Could empowering women help us meet all the Sustainable Development Goals?
The United Nations sets out an inspiring ambition in Sustainable Development Goal (SDG) 5: Achieve gender equality and empower all women and girls
This bold goal is supported by targets and indicators that help define what it means in more practical terms. Encouragingly, empowering women is a tremendous catalyst to achieve many of the other SDGs. In fact, a recent policy brief points out, “Among the 230 unique global SDG indicators, 53 explicitly reference women, girls, gender, or sex.”

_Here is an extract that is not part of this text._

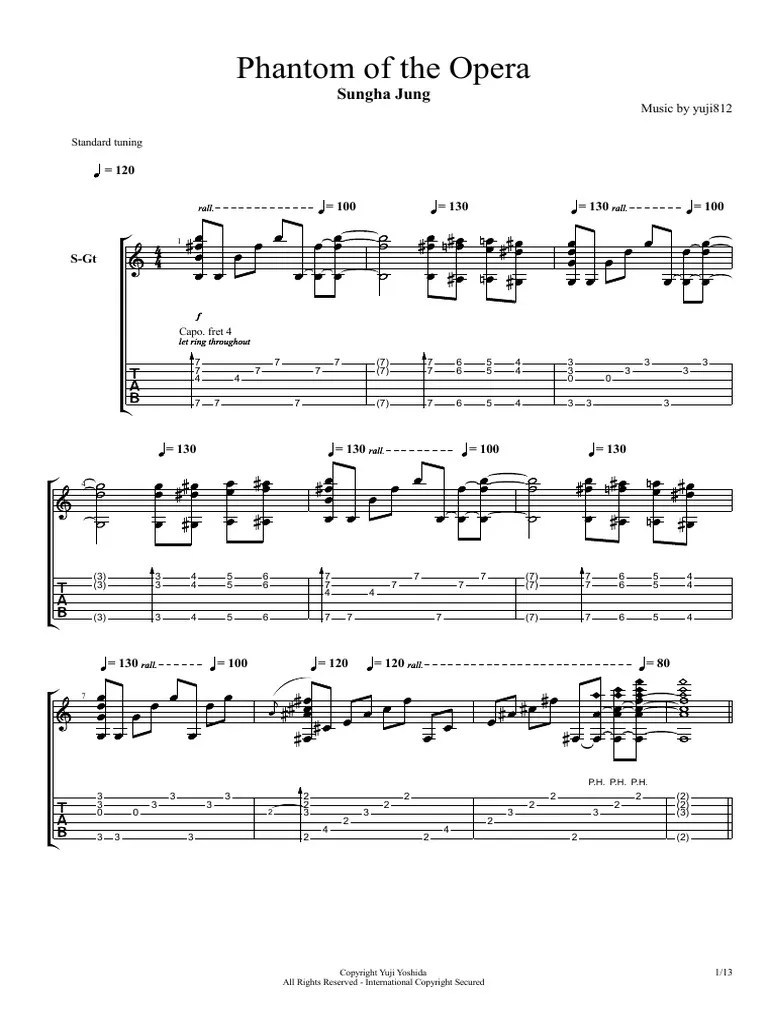 Phantom of The Opera PDF Guitars Guitar Family Instruments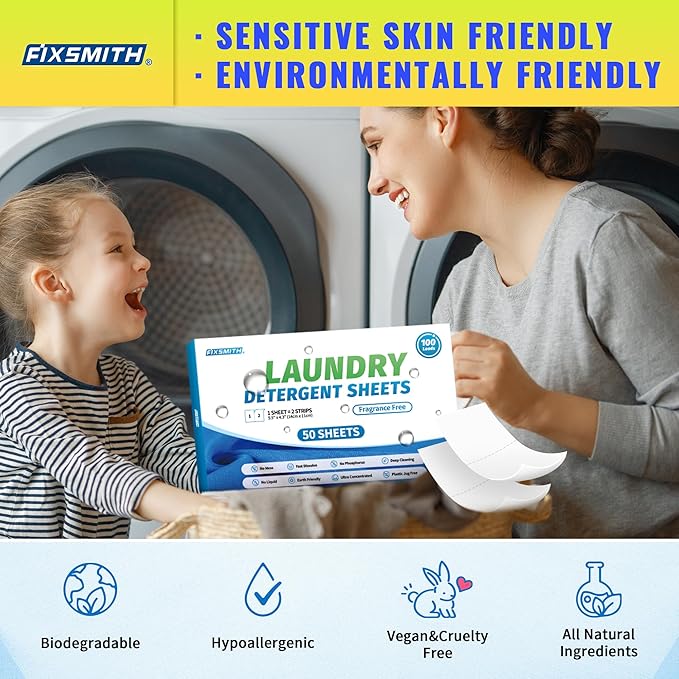 FIXSMITH Laundry Detergent Sheets - 100 Loads (50 Sheets) Fragrance Free - Hypoallergenic,Unscented,Eco Friendly Laundry Detergent Strips Concentrated Travel Detergent Sheets.Plastic-Free,Liquidless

Some are obvious, others might be surprising. For example, ensuring women’s participation and leadership in decision making can help address inequalities (SDG 10) and contribute to more peaceful and inclusive societies (SDG 16). It can also lead to improved social outcomes like family health (SDG 3) and education (SDG 4). Giving women voice and agency can be transformative even in environmental management – from ecosystem conservation to climate change mitigation.
Assessing gender impact
Despite these linkages, UN Women found that there are no internationally established methodologies or standards for 23 out of the 53 gender-related indicators. So how do we leverage gender equality for all to help us deliver on the broader Agenda 2030? Even more fundamentally – how do we measure progress?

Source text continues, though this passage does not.